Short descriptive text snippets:
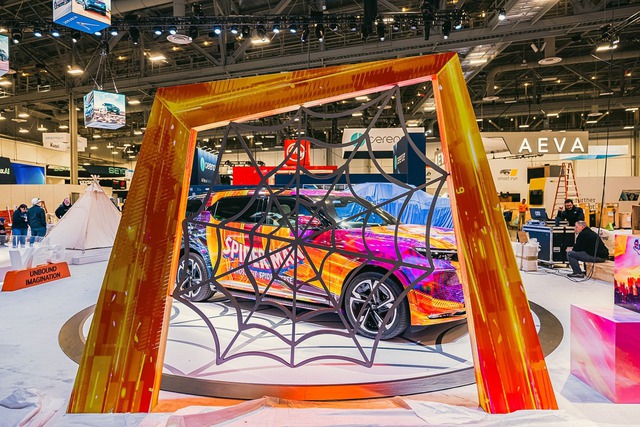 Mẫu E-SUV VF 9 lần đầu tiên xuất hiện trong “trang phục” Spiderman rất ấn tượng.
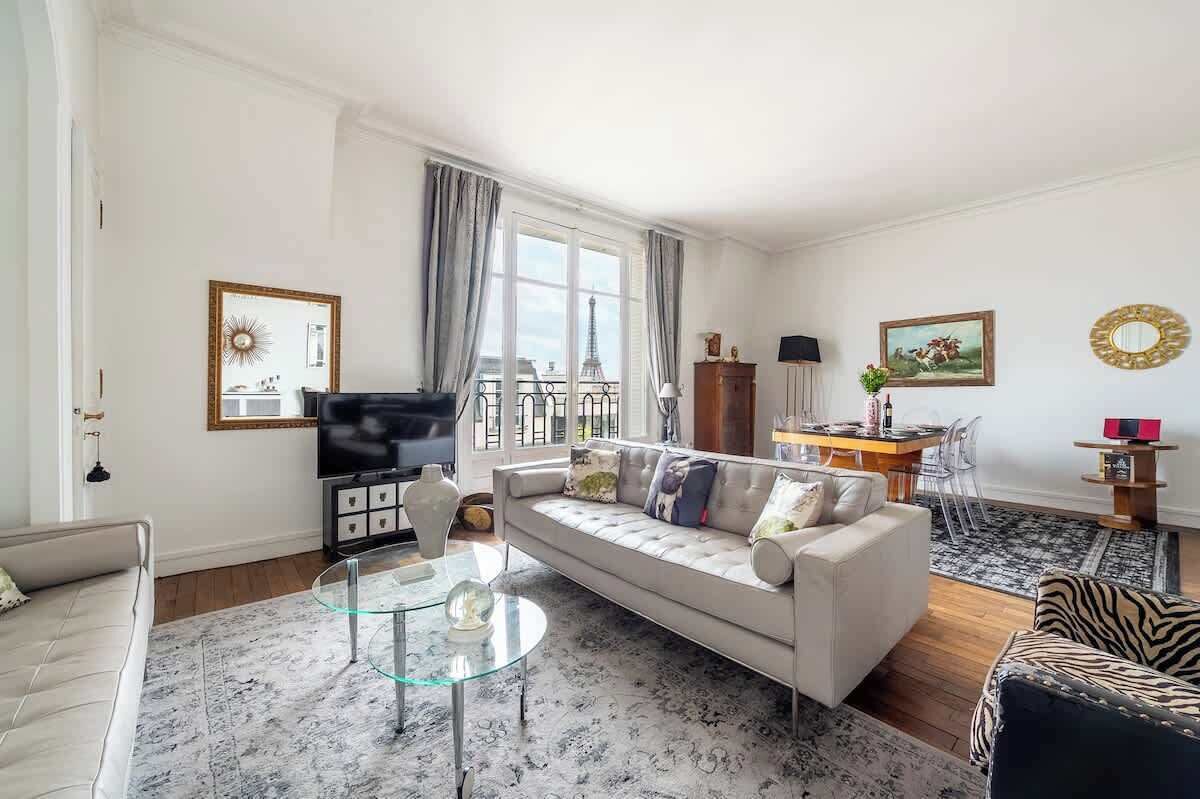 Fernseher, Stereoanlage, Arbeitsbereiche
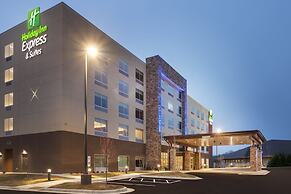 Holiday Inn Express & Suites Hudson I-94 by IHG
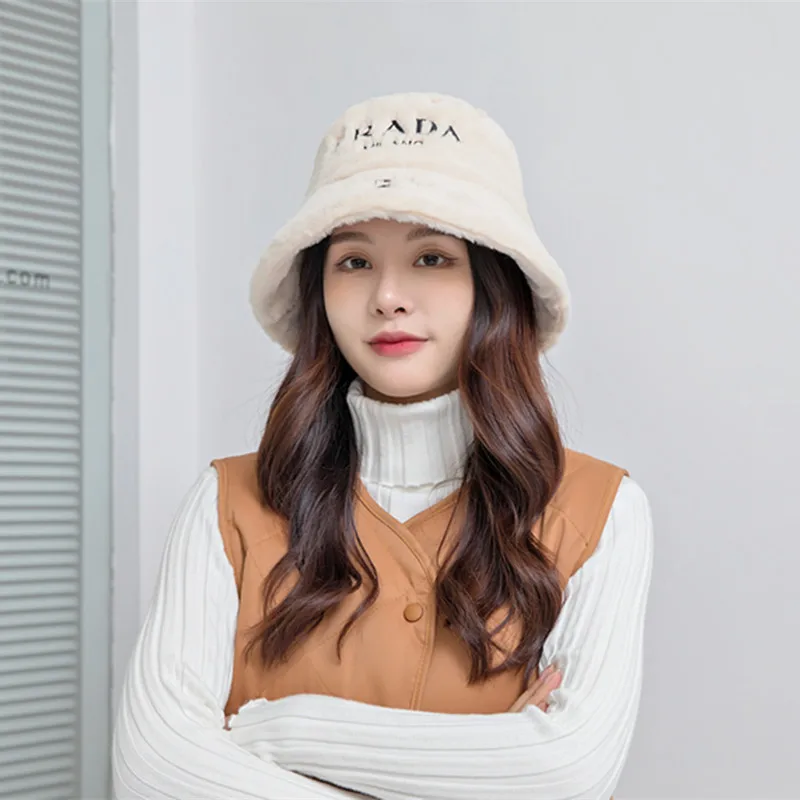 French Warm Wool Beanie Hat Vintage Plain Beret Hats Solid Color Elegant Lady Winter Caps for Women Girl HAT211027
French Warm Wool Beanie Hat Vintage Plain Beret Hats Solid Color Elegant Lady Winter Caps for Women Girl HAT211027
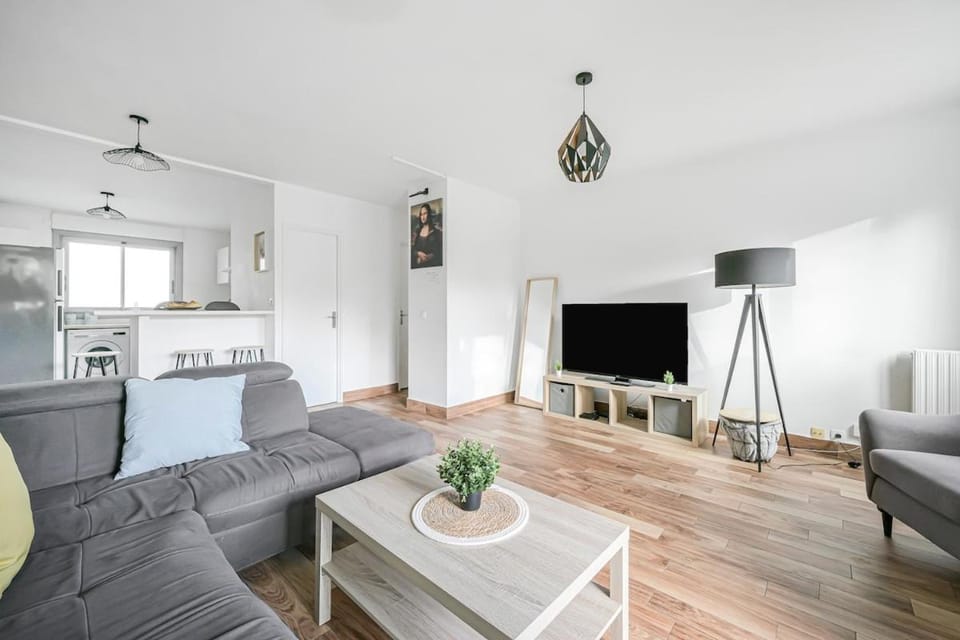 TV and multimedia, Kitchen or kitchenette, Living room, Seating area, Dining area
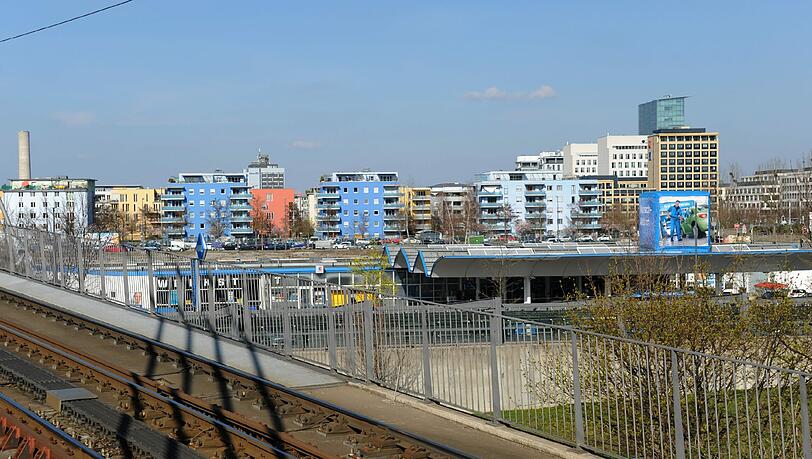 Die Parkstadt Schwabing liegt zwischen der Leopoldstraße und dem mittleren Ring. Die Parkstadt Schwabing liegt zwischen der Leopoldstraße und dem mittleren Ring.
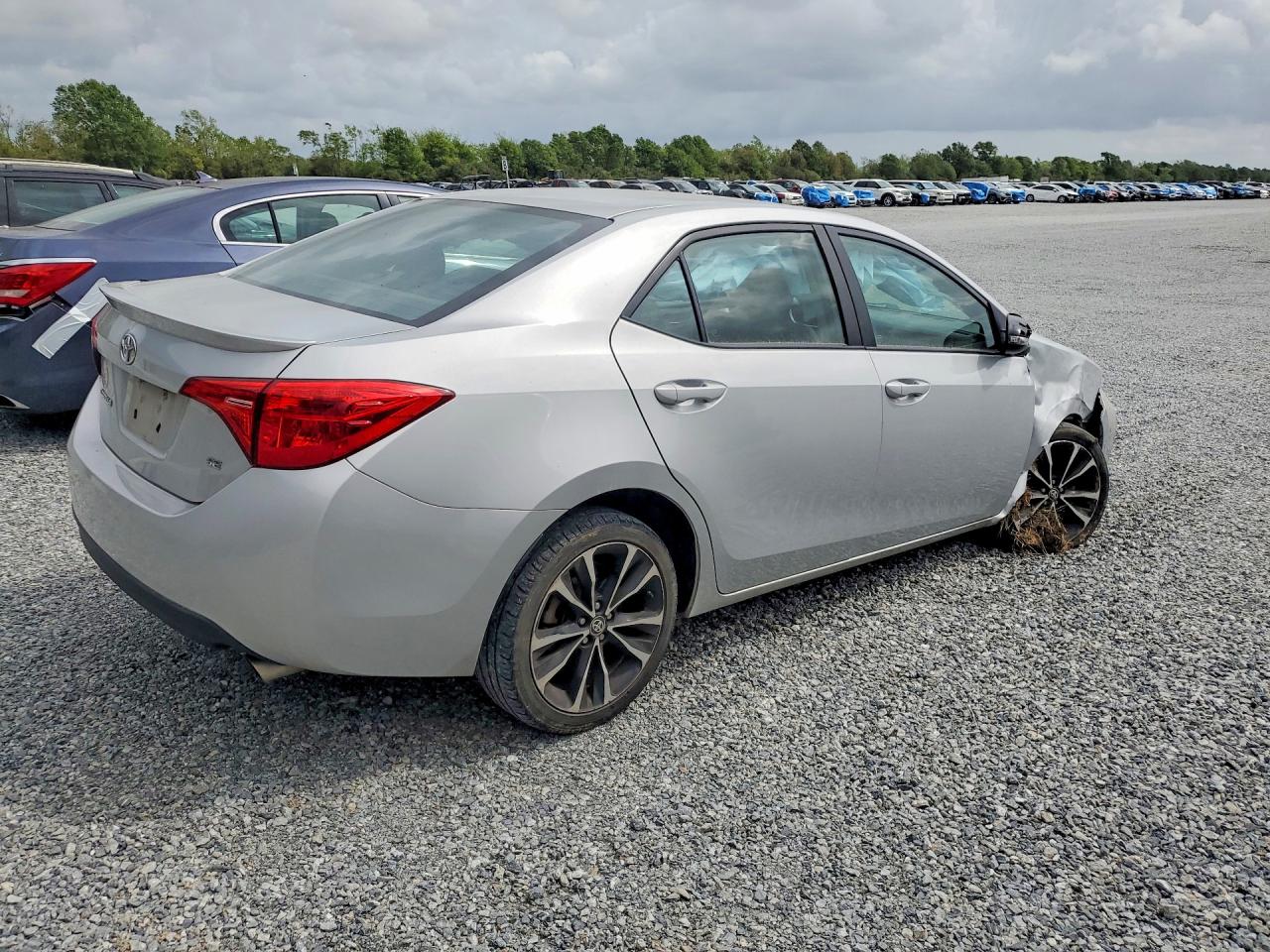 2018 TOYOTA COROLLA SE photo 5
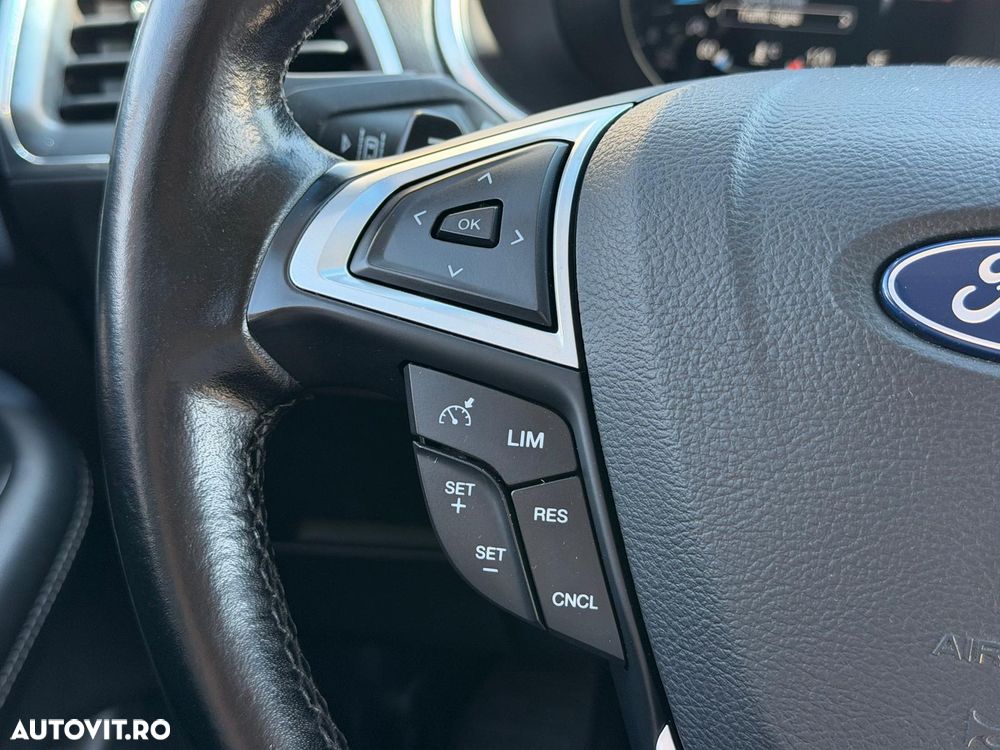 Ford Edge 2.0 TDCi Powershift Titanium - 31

◆ **YOUR TASK**
Please give the records again word for word, omitting all images.

◆ **ANSWER SECTION**
 Mẫu E-SUV VF 9 lần đầu tiên xuất hiện trong “trang phục” Spiderman rất ấn tượng.
 Fernseher, Stereoanlage, Arbeitsbereiche
 Holiday Inn Express & Suites Hudson I-94 by IHG
 French Warm Wool Beanie Hat Vintage Plain Beret Hats Solid Color Elegant Lady Winter Caps for Women Girl HAT211027
French Warm Wool Beanie Hat Vintage Plain Beret Hats Solid Color Elegant Lady Winter Caps for Women Girl HAT211027
 TV and multimedia, Kitchen or kitchenette, Living room, Seating area, Dining area
 Die Parkstadt Schwabing liegt zwischen der Leopoldstraße und dem mittleren Ring. Die Parkstadt Schwabing liegt zwischen der Leopoldstraße und dem mittleren Ring.
 2018 TOYOTA COROLLA SE photo 5
 Ford Edge 2.0 TDCi Powershift Titanium - 31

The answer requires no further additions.